Asheville Citizen Times TAKE 5 06/27/08
Hellblinki brings stage show to Rocket Club Jill Ingram • take5 correspondent
The
brainchild of musician Andrew Benjamin, the Hellblinki Sextet has been
around for more than a decade. Three years ago, Benjamin moved the band
from Augusta, Ga., to Western North Carolina, where the band comprises
Benjamin (who sings and plays guitar, drums and accordion), Valerie
Neiss (who sings and plays accordion, toy piano and melodica) and
Bradley Lunsford (on bass). The band just released its third
full-length CD, “Oratory,” and will tour across the country this
summer. Before you catch the live act Saturday at the Rocket Club, here
are some things to know about Hellblinki. Advertisement Mixed up
Critics
have called Hellblinki “a mix of Tom Waits, Nick Cave, Marilyn Manson
and Frank Zappa.” Benjamin describes Hellblinki this way: “Avant jazz.

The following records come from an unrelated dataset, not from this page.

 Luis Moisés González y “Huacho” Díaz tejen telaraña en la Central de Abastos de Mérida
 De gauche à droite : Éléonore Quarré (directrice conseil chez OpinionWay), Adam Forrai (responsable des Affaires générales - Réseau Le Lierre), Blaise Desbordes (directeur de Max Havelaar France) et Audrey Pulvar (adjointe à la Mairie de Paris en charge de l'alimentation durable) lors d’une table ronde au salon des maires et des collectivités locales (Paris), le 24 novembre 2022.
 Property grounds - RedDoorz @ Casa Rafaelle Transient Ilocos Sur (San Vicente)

Psycho cabaret. Deep South rhythms infused with punk madness. We’re a
really loud folk band.” Despite its name, the Hellblinki Sextet does
not have six members. “There used to be a rotating cast of characters,”
Benjamin explained. It’s been everything from a one-man band to a
12-piece ensemble. “We had six people when we first started to do the
live shows,” he said. “It wasn’t sustainable.” These days, the band
travels as a three-piece unit with others occasionally joining the
group.
In the studio, it’s not unusual for as many as nine or 10
people to participate on a single track, said Benjamin, a proponent of
using the studio to achieve sounds that would be impossible during a
live show. “I feel like you should do as much as you can with those
different circumstances,” he said. For “Oratory,” Benjamin explored
Internet collaboration, putting an ad for musicians on craigslist. “We
got a tuba player from Toronto to send tracks,” he said. Write away
Just
as he does in the studio process, Benjamin invites others to contribute
to the songwriting process. While he writes most of the band’s songs
himself, “There have been contributions from other members,” he said.

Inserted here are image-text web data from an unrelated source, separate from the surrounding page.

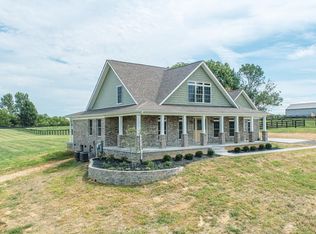 1282 Millersburg Rd, Paris, KY 40361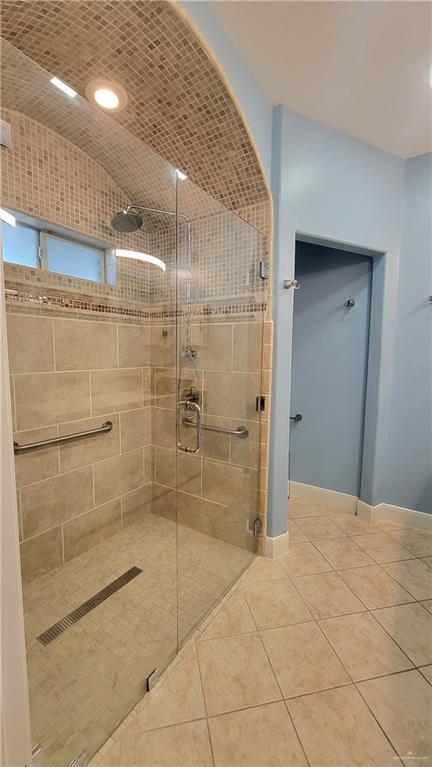 3429 E Country Club Drive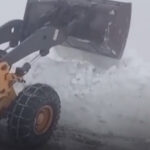 video drumarii au inceput deszapezirea pe transalpina zapada masoara doi metri in unele zone 67ff39751b280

“One thing that’s fun about collaborating is creating the basic
structure of the song like a coat hanger, and then the other members
hang their own fabric on it.” Signature style
Hellblinki’s
style is “carnivalesque,” from its costuming to its sometimes
circus-barker sound. Its flair for the dramatic is a hallmark of
Hellblinki’s live act.
“I want the audience to have a good time.

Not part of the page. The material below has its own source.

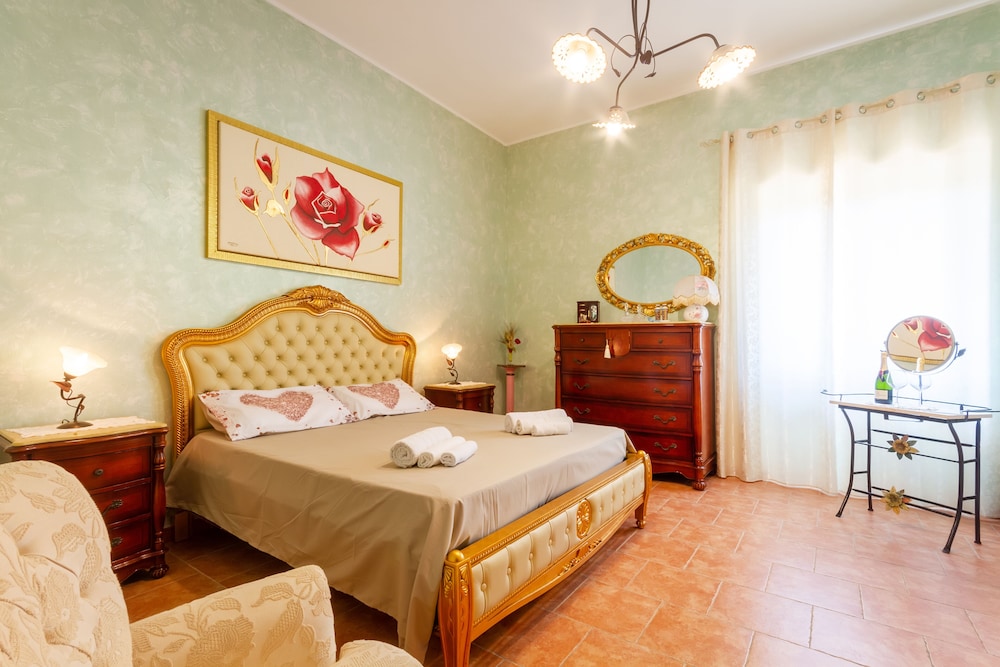 Relax in Style in Porto Cesareo's Hidden Gem view 5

I want them to dance. You always know you’re doing a good job it
they’re dancing,” Benjamin said. At the same time, he said, “I want
them to think a little bit. I want them to feel like they’re in a
different atmosphere.” Entering the world of Hellblinki (the band name
comes from a drunken perversion of Benjamin’s signature) should feel
“deep, dark and dirty,” Benjamin said. Bringing up baby
Hellblinki
began as a studio project with the live act following. In the future,
Benjamin just wants to see his creation grow. “I created it to be the
output for my musical impulses,” Benjamin said. “Hellblinki is a loose
platform that can go whichever way I go. The goal is to make it
self-sufficient, and so it can support itself, and me. It’s the sort of
platform that can go in any direction. It’s so eclectic and not defined
by any genre that it can go any direction it chooses.”